Orem pianse quando le grandi porte di legno si chiusero, ma non a lungo. I bambini sono elastici. Per quanto vengano battuti, riescono a tirare avanti.

Amici e nemici

La Casa di Dio era scura e morta, piena di figure bianche di uomini dalla faccia acida e di bambini spaventati. Mai si sentiva una vera risata echeggiare nei corridoi e nelle celle della Casa di Dio, come nella taverna del villaggio o fra le grandi colonne del bosco. I ragazzini rubacchiavano le loro risate come rubacchiavano il vino delle offerte. E tuttavia Orem ben presto si trovò a casa, lì. La casa è in qualsiasi posto uno sappia riconoscere i propri amici e i propri nemici.

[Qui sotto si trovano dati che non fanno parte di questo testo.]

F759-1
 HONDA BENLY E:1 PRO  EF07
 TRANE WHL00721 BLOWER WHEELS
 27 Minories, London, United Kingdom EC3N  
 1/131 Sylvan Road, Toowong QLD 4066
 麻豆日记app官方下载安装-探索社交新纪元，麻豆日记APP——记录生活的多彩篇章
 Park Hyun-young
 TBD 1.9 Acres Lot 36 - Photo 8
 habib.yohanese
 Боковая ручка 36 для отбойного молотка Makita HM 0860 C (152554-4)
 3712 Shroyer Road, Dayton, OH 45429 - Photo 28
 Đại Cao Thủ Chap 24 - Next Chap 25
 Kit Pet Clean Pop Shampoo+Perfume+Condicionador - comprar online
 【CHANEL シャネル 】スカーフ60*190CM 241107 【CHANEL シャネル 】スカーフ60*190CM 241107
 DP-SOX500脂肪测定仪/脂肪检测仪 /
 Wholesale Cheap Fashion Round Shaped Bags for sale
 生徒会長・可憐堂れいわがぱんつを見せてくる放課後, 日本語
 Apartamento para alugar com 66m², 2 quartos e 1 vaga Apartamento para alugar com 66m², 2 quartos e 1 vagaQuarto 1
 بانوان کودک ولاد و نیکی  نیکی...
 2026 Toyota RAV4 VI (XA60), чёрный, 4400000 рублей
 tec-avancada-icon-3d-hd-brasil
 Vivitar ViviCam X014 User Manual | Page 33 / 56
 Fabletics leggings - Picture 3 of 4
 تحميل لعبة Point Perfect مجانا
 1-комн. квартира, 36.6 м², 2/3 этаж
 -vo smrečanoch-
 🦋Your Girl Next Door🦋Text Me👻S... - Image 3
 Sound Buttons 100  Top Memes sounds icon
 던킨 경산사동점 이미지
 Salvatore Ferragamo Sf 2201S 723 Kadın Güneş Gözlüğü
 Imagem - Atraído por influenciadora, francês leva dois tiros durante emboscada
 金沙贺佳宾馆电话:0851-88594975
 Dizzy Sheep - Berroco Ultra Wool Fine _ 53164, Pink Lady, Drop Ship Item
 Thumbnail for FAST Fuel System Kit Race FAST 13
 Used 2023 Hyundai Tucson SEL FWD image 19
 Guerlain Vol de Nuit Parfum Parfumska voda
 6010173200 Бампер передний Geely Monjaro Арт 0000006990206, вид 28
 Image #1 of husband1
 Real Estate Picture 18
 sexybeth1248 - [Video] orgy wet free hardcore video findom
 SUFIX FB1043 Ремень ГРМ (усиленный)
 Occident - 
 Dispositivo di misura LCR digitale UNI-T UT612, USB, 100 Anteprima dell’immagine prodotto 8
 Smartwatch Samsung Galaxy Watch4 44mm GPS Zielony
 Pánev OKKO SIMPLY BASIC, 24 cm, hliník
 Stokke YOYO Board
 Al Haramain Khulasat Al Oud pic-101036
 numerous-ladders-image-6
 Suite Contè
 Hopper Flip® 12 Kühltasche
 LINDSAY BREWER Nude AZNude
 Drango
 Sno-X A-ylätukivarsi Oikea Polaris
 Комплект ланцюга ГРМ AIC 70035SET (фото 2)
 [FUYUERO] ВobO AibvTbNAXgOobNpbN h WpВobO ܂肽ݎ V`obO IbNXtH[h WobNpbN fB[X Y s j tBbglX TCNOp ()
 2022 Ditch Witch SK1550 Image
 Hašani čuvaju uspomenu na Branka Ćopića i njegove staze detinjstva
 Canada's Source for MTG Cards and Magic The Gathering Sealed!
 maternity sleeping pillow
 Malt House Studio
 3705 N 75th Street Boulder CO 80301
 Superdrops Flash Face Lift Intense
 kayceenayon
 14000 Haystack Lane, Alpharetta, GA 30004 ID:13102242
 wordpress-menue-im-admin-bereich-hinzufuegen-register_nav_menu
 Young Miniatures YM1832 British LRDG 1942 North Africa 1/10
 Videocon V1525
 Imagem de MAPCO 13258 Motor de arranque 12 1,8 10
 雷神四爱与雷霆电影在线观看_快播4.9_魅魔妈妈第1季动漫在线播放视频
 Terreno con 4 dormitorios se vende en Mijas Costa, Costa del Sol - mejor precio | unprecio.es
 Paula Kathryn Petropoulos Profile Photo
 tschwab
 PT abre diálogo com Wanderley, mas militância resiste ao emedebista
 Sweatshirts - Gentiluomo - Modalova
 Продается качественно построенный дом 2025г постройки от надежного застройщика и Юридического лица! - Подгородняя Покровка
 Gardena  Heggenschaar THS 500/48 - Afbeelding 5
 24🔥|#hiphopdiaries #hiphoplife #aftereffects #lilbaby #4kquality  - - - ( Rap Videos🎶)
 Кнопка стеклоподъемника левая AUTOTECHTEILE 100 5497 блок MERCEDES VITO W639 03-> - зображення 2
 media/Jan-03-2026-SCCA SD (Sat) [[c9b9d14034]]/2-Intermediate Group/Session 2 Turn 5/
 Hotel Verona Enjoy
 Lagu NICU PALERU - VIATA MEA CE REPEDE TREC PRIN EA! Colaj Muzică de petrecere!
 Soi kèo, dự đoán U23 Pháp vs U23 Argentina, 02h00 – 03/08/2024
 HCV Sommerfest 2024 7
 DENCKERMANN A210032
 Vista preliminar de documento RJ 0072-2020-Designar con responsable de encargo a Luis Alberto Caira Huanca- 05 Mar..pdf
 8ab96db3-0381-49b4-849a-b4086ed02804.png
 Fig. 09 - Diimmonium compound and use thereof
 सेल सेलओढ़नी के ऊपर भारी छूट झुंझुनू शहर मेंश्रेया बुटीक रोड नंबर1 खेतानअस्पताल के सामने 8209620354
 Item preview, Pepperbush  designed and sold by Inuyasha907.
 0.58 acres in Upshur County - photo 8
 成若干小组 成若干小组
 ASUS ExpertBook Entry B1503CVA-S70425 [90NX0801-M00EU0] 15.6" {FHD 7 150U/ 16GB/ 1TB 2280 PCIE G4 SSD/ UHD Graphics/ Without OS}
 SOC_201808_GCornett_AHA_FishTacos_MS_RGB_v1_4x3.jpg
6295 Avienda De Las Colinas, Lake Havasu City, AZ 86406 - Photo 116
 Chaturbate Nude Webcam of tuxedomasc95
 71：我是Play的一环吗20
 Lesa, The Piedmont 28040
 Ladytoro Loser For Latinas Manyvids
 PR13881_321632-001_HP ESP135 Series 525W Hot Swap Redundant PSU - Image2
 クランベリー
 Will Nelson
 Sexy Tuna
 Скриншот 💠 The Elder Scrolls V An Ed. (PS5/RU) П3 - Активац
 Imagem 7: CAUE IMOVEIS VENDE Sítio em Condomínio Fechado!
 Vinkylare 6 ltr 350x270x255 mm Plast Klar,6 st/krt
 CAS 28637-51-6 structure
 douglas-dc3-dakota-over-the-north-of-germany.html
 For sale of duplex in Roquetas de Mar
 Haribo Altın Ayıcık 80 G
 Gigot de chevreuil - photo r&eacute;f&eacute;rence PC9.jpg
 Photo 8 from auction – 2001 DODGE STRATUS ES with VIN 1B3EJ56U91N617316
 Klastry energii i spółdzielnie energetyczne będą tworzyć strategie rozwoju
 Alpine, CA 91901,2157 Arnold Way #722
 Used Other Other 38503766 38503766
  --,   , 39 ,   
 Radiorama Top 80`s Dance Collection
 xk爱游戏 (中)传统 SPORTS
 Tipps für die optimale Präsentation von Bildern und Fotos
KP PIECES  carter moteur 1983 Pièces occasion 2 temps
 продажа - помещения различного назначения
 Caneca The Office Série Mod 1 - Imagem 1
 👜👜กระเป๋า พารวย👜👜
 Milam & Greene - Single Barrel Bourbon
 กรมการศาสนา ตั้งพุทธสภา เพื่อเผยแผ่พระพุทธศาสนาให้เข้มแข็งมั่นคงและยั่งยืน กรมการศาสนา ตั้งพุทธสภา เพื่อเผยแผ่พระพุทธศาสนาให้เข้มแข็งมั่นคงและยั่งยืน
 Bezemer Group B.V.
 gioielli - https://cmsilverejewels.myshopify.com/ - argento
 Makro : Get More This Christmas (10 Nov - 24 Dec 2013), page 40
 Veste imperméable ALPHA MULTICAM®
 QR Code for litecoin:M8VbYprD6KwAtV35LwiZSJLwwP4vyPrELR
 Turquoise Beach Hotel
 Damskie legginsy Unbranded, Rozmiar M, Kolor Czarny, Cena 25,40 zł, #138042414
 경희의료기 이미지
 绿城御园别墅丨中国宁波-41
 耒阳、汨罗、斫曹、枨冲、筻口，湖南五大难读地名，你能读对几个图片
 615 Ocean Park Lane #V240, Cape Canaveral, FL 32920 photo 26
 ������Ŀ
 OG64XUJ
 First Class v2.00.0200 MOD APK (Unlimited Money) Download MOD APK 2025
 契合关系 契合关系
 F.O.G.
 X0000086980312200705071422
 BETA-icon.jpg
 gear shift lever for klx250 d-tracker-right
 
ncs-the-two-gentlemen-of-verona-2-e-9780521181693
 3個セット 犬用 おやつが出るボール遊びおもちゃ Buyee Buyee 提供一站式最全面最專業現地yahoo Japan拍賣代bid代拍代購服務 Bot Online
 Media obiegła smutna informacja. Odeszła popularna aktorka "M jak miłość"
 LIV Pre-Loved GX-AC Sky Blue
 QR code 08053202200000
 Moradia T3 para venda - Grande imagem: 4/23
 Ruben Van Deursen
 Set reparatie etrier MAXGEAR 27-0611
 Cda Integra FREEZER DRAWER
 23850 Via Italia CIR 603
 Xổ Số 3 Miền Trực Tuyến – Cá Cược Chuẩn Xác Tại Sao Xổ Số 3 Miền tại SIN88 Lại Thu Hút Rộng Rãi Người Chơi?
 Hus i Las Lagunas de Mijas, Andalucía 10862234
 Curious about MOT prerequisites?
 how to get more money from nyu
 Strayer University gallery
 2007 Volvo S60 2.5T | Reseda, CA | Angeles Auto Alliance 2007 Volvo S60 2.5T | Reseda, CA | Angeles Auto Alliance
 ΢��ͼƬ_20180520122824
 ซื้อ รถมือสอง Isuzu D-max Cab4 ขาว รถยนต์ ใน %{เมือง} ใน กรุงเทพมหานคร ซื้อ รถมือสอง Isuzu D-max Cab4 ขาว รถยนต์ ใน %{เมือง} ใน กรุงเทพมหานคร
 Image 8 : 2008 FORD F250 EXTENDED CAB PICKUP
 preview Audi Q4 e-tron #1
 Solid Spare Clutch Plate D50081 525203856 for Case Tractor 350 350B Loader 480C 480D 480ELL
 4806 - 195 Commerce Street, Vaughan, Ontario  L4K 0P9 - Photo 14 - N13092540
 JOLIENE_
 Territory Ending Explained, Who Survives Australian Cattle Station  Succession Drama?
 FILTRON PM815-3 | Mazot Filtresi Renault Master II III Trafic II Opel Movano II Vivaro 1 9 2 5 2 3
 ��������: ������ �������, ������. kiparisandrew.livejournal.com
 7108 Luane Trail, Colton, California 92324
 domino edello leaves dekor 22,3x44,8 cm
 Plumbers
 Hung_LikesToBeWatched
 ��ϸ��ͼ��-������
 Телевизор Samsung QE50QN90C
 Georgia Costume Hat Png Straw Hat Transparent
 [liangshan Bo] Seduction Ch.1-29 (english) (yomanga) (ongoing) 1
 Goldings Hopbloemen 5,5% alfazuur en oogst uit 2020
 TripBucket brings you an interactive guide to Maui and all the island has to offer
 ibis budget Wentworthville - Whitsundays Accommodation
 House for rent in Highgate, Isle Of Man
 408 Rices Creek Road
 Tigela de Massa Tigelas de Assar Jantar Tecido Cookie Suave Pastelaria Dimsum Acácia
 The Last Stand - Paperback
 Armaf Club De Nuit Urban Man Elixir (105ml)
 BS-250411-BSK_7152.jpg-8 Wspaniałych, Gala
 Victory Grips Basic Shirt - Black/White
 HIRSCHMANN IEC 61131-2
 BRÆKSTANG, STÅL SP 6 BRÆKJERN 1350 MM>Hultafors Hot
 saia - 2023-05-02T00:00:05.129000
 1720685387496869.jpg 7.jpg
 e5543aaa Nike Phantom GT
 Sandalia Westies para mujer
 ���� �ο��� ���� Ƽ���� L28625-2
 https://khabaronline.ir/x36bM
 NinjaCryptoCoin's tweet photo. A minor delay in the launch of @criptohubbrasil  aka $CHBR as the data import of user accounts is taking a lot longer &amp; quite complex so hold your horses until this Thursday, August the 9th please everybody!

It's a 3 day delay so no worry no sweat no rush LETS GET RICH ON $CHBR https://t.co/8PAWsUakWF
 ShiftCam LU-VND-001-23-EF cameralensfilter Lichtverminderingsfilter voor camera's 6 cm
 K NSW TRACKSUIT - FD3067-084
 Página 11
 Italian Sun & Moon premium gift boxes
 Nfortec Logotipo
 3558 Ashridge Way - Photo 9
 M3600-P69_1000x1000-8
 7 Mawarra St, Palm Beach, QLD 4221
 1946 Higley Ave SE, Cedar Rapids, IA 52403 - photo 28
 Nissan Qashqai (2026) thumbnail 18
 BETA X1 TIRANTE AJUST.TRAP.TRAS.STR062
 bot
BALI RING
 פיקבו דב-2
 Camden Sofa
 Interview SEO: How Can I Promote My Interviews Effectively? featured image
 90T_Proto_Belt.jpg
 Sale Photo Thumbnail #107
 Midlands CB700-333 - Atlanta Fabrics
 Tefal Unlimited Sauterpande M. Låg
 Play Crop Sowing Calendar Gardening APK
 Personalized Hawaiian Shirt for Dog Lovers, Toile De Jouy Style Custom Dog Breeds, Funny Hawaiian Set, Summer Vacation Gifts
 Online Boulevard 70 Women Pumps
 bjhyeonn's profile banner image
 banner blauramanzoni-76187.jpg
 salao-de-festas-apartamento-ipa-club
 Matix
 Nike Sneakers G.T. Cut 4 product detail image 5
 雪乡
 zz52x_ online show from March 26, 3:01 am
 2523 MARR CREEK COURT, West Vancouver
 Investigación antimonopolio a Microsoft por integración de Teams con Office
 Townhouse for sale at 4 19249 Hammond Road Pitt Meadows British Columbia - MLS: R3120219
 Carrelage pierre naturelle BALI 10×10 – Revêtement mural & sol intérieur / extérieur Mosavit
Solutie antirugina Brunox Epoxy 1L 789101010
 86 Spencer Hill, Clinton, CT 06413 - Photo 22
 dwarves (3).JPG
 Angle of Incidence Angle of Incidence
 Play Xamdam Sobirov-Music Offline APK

I suoi nemici erano i ragazzi più grandi e più forti, abituati a esercitare il potere nelle camerate buie, di notte. Orem era cresciuto con la convinzione che l’ingiustizia non doveva essere sopportata, ma corretta. Così quando vedeva commettere un’ingiustizia la correggeva. Non dicendolo ai diaconi: sapeva che gli adulti non prendono mai sul serio le guerre e le battaglie fra bambini. Invece, disse ai più giovani come organizzarsi nel buio. Dopo due volte che Orem ebbe battuto i grandi nel buio, i più giovani cominciarono a sentirsi sicuri e più liberi di quanto fossero mai stati prima. I grandi non dimenticarono. Orem li aveva disfatti quando pensavano di essere forti, e con l’immediatezza dei bambini prepararono la morte di Orem.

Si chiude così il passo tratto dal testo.